* _The task_
In the listing below, print exactly the lines between the line holding "Hair make Pj2【ヘアーメイクピージェートゥー】のスタイル紹介。シルクストレートカラー　クセレベル２" and the line holding "Kích thước tủ", inclusive, and no more.

* _Provided entries_

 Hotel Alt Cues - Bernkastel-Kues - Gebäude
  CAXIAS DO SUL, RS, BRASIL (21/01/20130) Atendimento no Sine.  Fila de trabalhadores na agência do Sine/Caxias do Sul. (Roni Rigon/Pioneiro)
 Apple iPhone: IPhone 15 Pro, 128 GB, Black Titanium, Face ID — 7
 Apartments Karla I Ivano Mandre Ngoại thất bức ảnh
...
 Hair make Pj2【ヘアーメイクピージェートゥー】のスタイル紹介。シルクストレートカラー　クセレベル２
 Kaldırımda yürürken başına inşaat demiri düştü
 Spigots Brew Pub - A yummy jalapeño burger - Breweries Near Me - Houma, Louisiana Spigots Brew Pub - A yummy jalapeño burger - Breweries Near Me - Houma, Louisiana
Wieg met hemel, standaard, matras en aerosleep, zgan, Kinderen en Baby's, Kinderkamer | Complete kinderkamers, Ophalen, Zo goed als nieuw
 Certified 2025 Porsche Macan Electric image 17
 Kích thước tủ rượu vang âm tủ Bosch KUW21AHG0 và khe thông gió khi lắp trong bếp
==
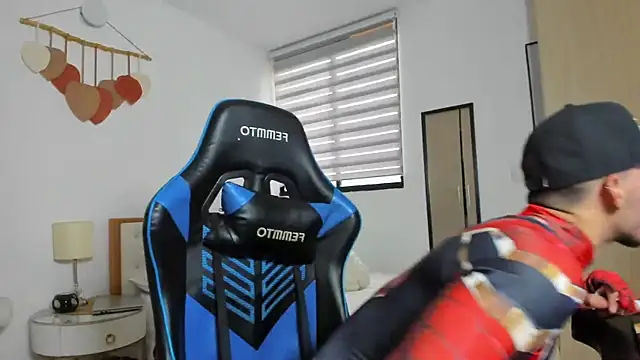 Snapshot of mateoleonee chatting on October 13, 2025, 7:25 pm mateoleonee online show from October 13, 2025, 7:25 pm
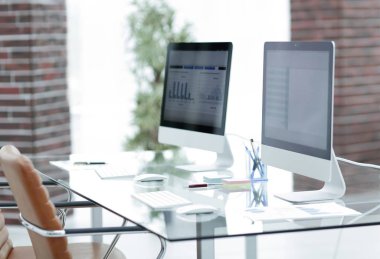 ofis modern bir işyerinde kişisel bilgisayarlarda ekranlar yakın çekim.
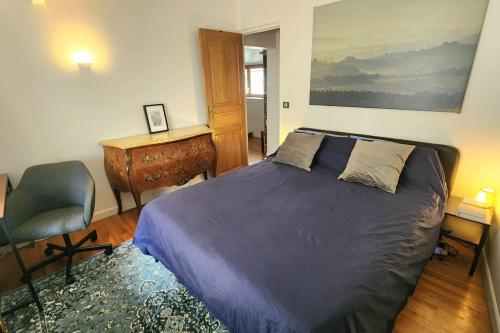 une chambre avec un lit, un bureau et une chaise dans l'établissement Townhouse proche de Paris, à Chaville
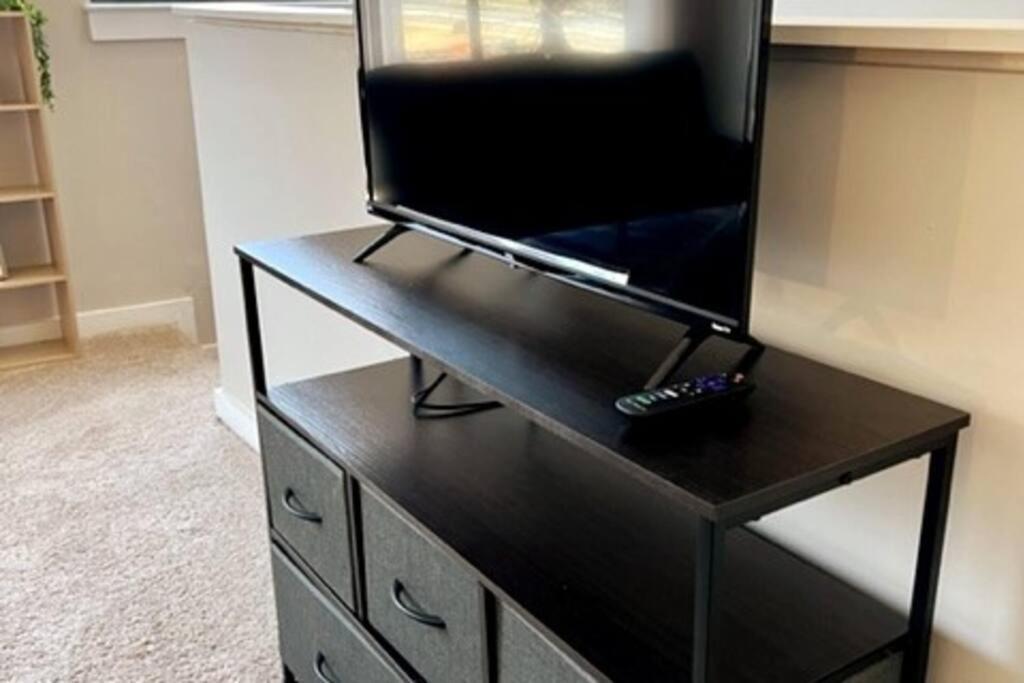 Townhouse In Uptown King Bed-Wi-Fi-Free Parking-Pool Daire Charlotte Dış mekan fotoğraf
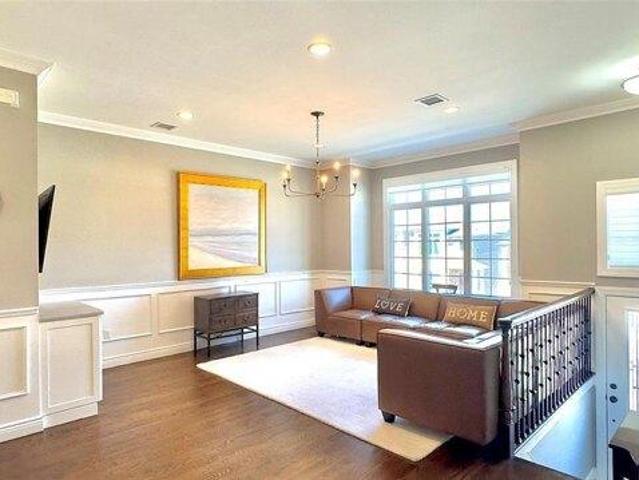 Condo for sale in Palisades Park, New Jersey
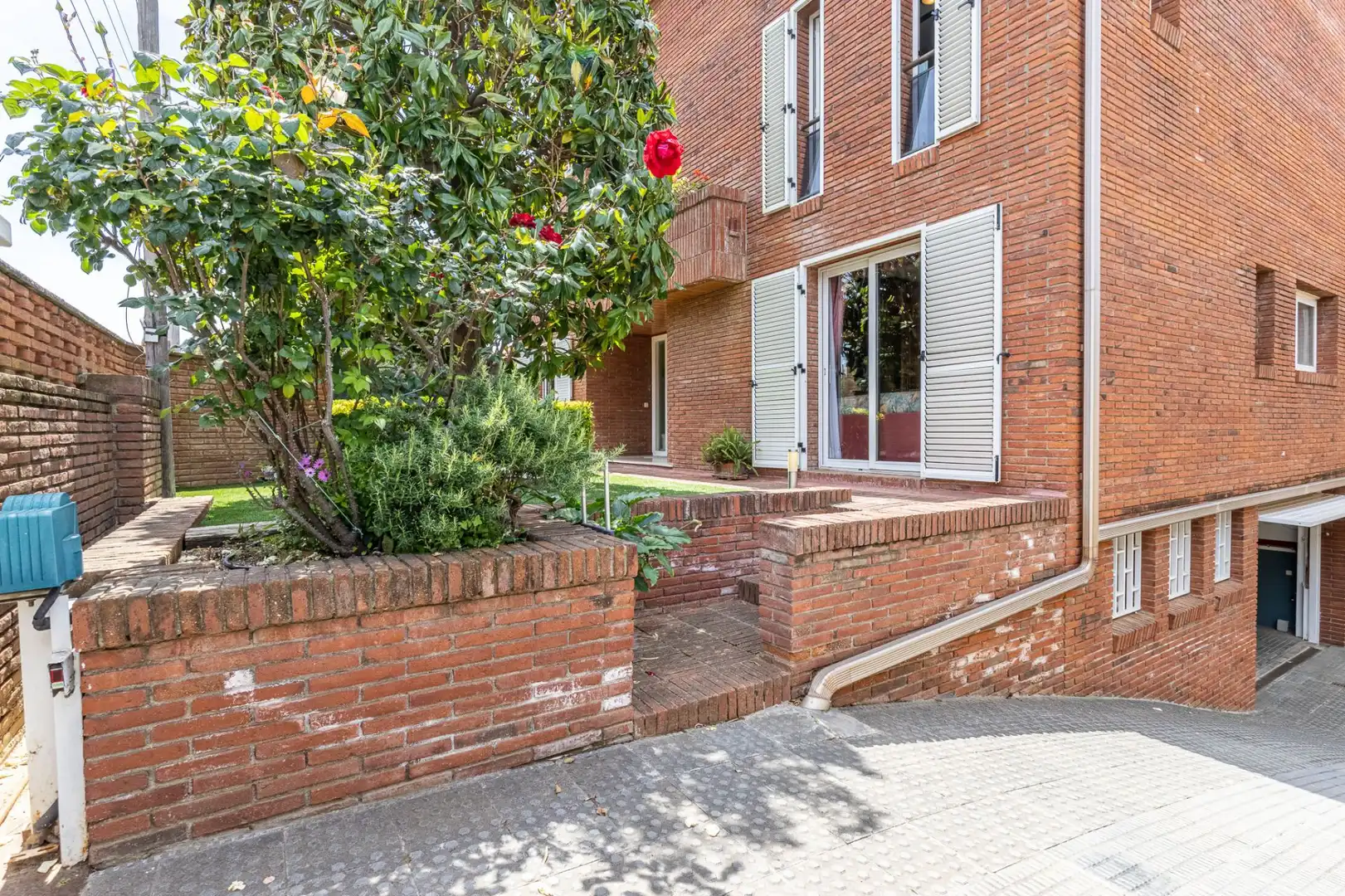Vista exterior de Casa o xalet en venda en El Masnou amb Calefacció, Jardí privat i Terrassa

* _Solution for this exercise_
 Hair make Pj2【ヘアーメイクピージェートゥー】のスタイル紹介。シルクストレートカラー　クセレベル２
 Kaldırımda yürürken başına inşaat demiri düştü
 Spigots Brew Pub - A yummy jalapeño burger - Breweries Near Me - Houma, Louisiana Spigots Brew Pub - A yummy jalapeño burger - Breweries Near Me - Houma, Louisiana
Wieg met hemel, standaard, matras en aerosleep, zgan, Kinderen en Baby's, Kinderkamer | Complete kinderkamers, Ophalen, Zo goed als nieuw
 Certified 2025 Porsche Macan Electric image 17
 Kích thước tủ rượu vang âm tủ Bosch KUW21AHG0 và khe thông gió khi lắp trong bếp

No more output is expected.